Die Analyse von SSC versus FSC mittels Durchflusszytometrie bestätigte eine PMN-konforme Population mit hoher Zellreinheit. PMN-Punktdiagramme für ungefärbte Zellen im Vergleich zu 7AAD-Färbungszellen und ihre jeweiligen Histogramme zeigten eine hohe Zelllebensfähigkeit in den frisch isolierten Neutrophilen im Vergleich zu den permeabilisierten Kontrollzellen. Nach der Stimulation der Neutrophilen mit chemischen und mikrobiellen Stimulanzien wurden NETs durch Fluoreszenzmikroskopie unter Verwendung von DNA-DPI und Anti-LL37 sichtbar gemacht.
Die Mikroorganismen wurden mit CFSE vorgefärbt. PMA-induzierte suizidale Netzbildung, indiziert durch Kolokalisation mit LL37. Während NETs, die mit HOCI gebildet wurden, eine geringe DNA-Dispersion im extrazellulären Raum zeigten, die der vitalen NET-Bildung entsprach.
NET, das durch pilzliche Pseudohyphen induziert wurde, zeigte niedrige Konzentrationen von DNA, die in den extrazellulären Raum freigesetzt wurden, mit filamentösen Strukturen, die für die vitale NET-Bildung charakteristisch sind.

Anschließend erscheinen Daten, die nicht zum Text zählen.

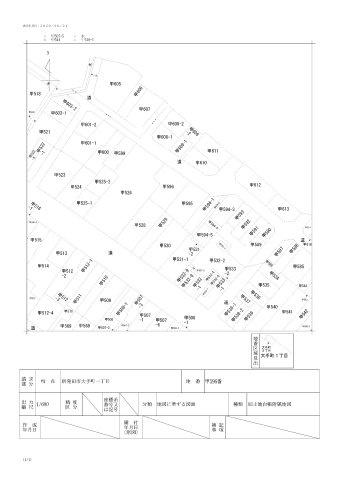 【土地図】 | 新発田市大手町1丁目 売地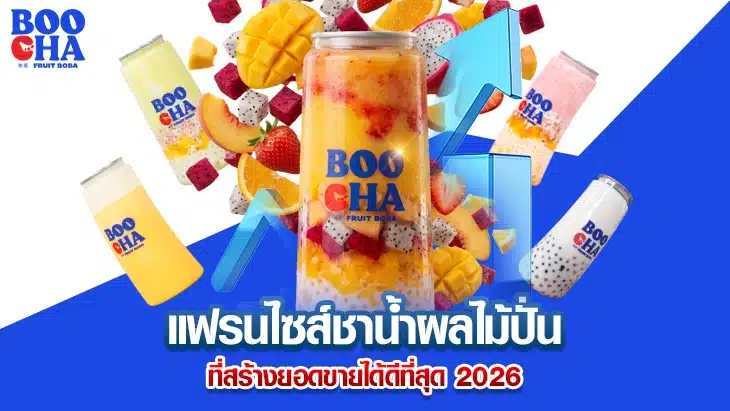 แฟรนไซส์ชาน้ำผลไม้ปั่น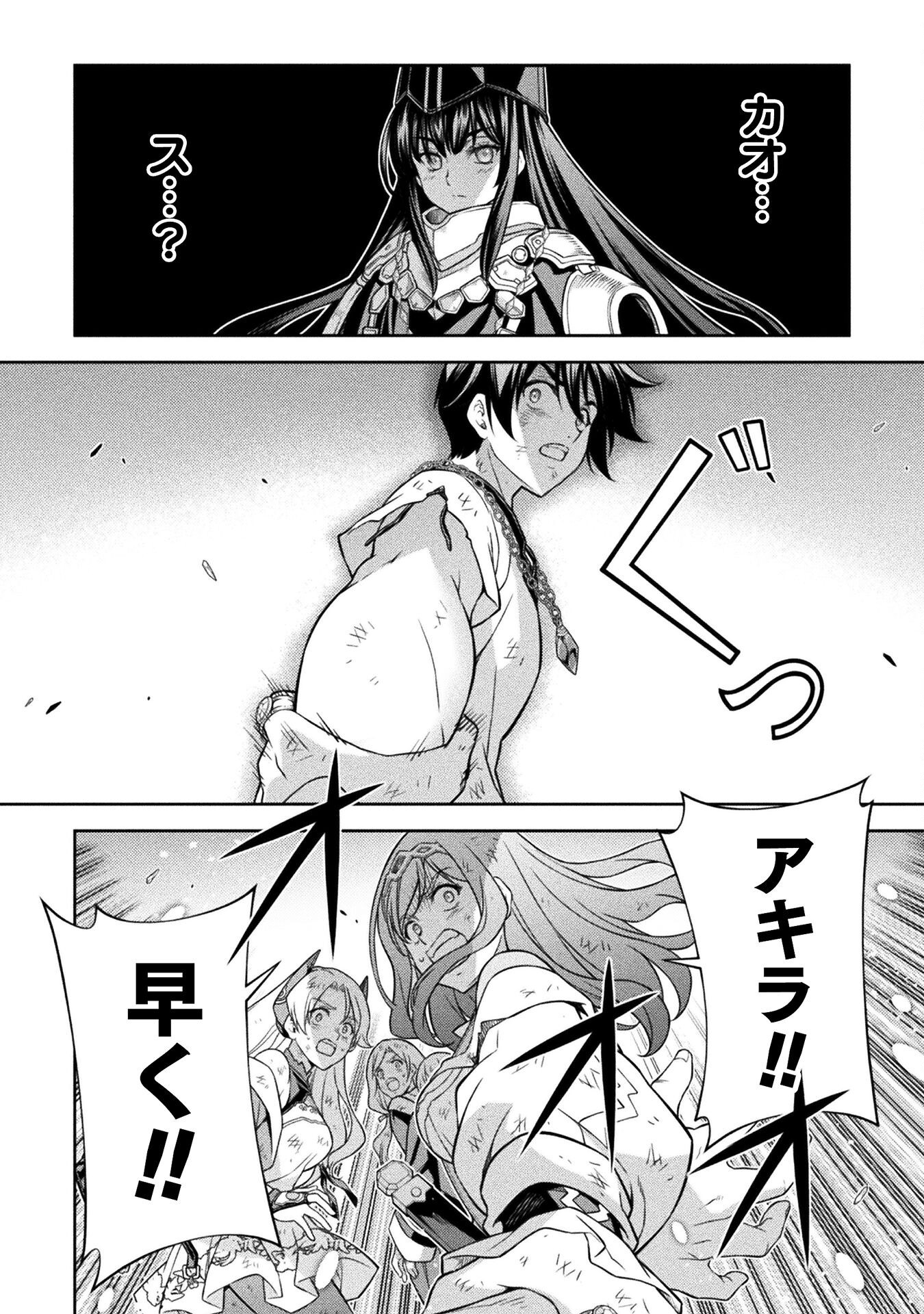 ドローイング 最強漫画家はお絵かきスキルで異世界無双する! Chap 157 - Next Chap 158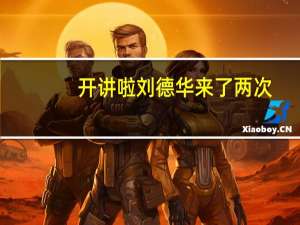 开讲啦刘德华来了两次（开讲啦刘德华版的43分钟放的刘德华的歌名）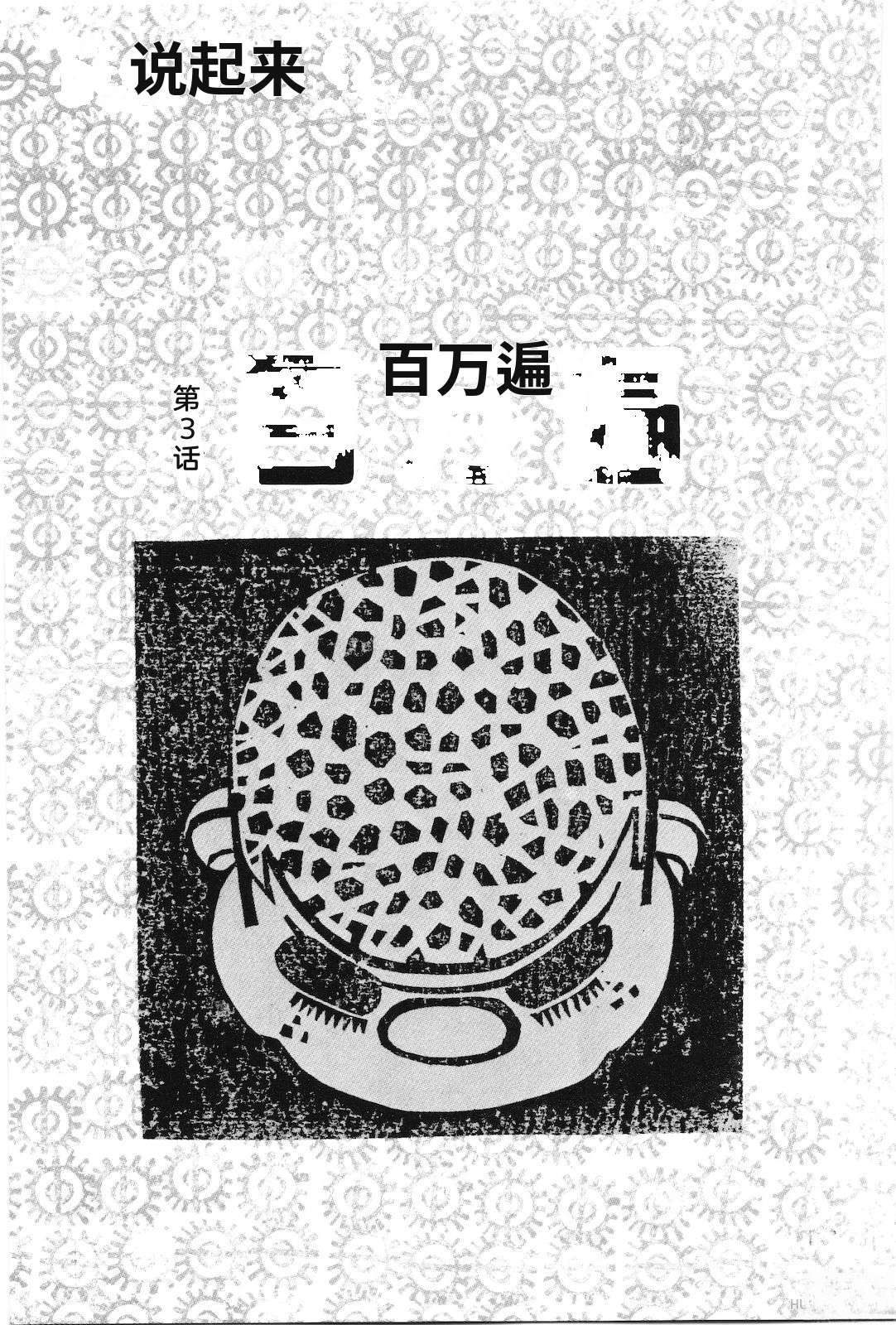 第34卷57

S. aureus zeigte eine vitale NET-Bildung, während P. aeruginosa die Freisetzung großer DNA-Konzentrationen mit einer trüben Morphologie induzierte, die mit LL37 kolokalisiert war, was auf eine Selbstmord-NET-Bildung hindeutet. Die Durchführung der Doppeldichtegradientenmethode ermöglicht es uns, eine hohe Reinheit und Lebensfähigkeit von Neutrophilen zu erreichen.
Und wir heben die Waschungen an, wir vermeiden es, die Struktur von ihnen zu beschädigen. Mit dieser Methode können wir die Wirkung von Substanzen oder Zellen auf die NET-Produktion analysieren, sowie ob sie an einem Mechanismus beteiligt sind oder ob sie als Therapie bei Autoimmunerkrankungen verwendet werden.